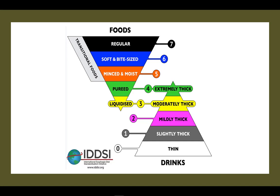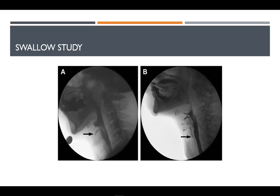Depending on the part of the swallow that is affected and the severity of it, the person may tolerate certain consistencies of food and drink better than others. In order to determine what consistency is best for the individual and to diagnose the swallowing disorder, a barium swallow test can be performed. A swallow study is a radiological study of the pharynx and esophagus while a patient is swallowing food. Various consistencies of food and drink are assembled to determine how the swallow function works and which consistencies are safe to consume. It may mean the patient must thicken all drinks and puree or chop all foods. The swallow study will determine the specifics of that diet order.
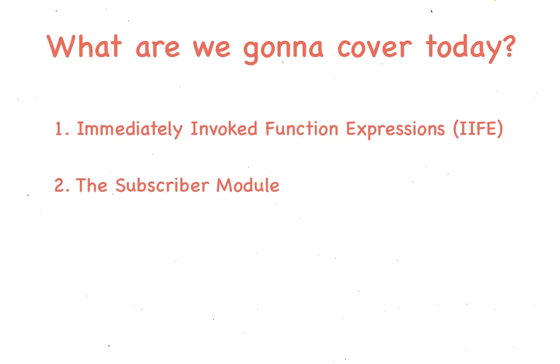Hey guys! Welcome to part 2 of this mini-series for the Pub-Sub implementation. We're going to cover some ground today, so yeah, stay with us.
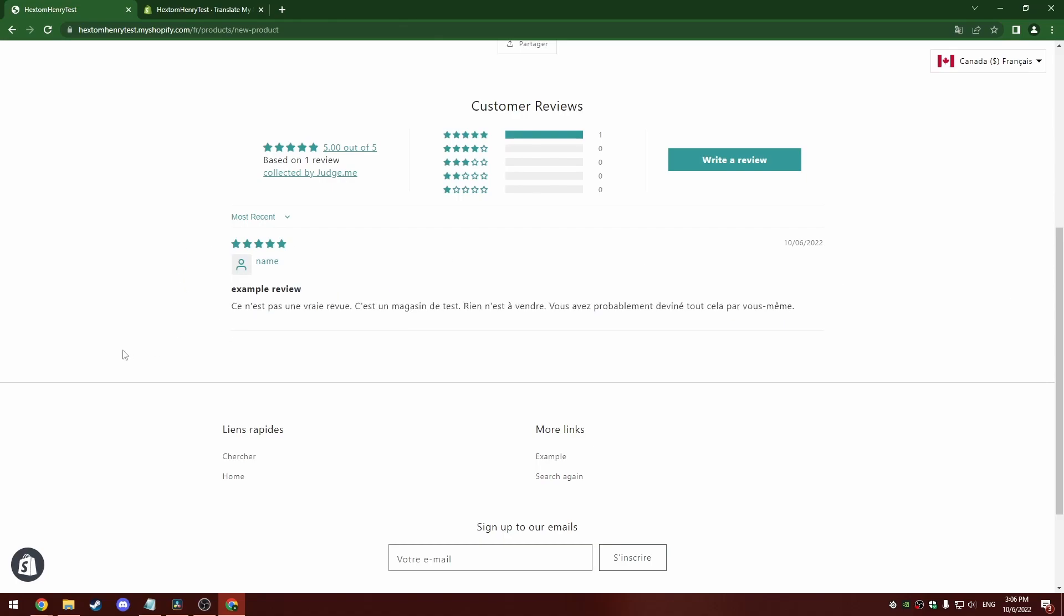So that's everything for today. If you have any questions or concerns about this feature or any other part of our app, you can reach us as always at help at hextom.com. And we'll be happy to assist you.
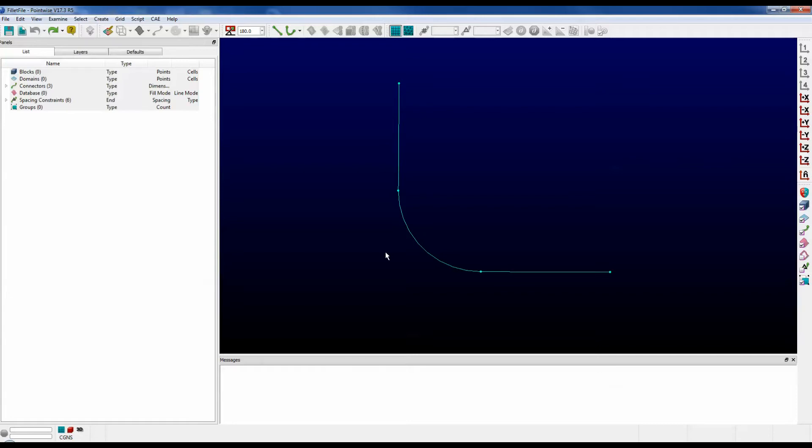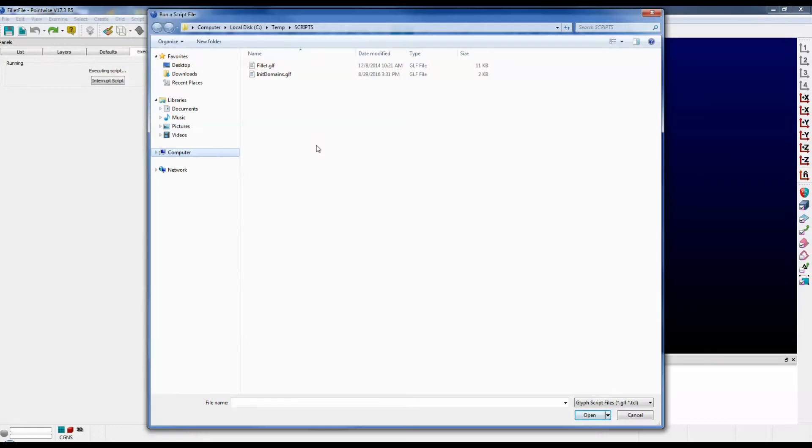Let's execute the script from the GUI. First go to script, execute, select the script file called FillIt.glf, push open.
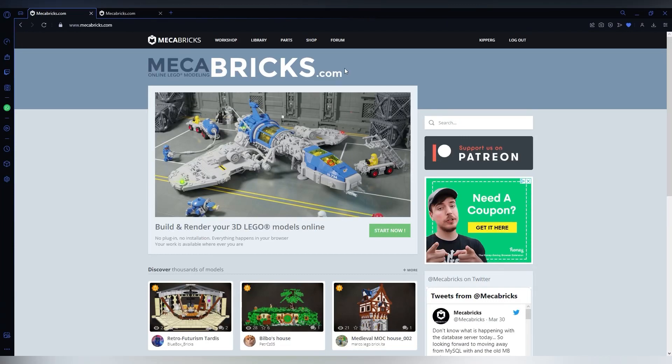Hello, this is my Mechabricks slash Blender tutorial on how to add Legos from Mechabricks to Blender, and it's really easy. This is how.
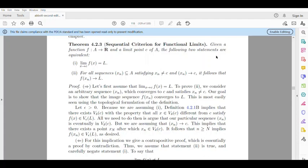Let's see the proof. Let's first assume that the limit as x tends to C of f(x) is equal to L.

--

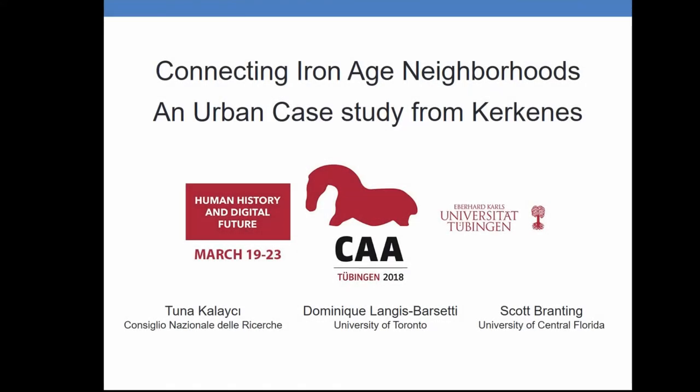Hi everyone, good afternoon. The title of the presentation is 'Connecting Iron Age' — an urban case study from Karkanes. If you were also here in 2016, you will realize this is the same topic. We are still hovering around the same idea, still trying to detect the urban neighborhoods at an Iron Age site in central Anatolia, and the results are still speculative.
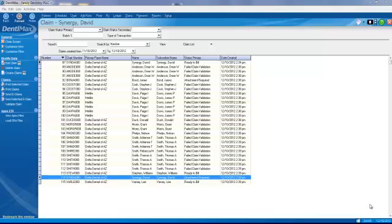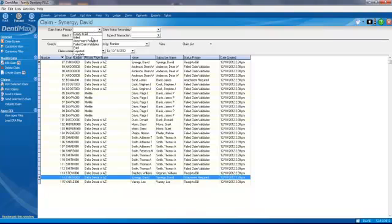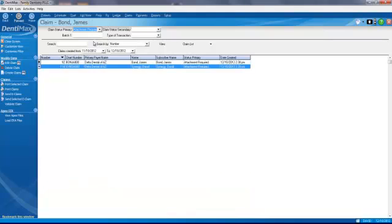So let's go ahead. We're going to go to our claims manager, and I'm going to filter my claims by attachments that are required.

◆ WHAT IS EXPECTED ◆
Only one stretch of the entries above is needed: the lines from the one containing "So that's everything" through the one containing "Let's see the". Copy it exactly, without the pictures.

◆ EXERCISE RESULT ◆
So that's everything for today. If you have any questions or concerns about this feature or any other part of our app, you can reach us as always at help at hextom.com. And we'll be happy to assist you.
Let's execute the script from the GUI. First go to script, execute, select the script file called FillIt.glf, push open.
Hello, this is my Mechabricks slash Blender tutorial on how to add Legos from Mechabricks to Blender, and it's really easy. This is how.
Let's see the proof. Let's first assume that the limit as x tends to C of f(x) is equal to L.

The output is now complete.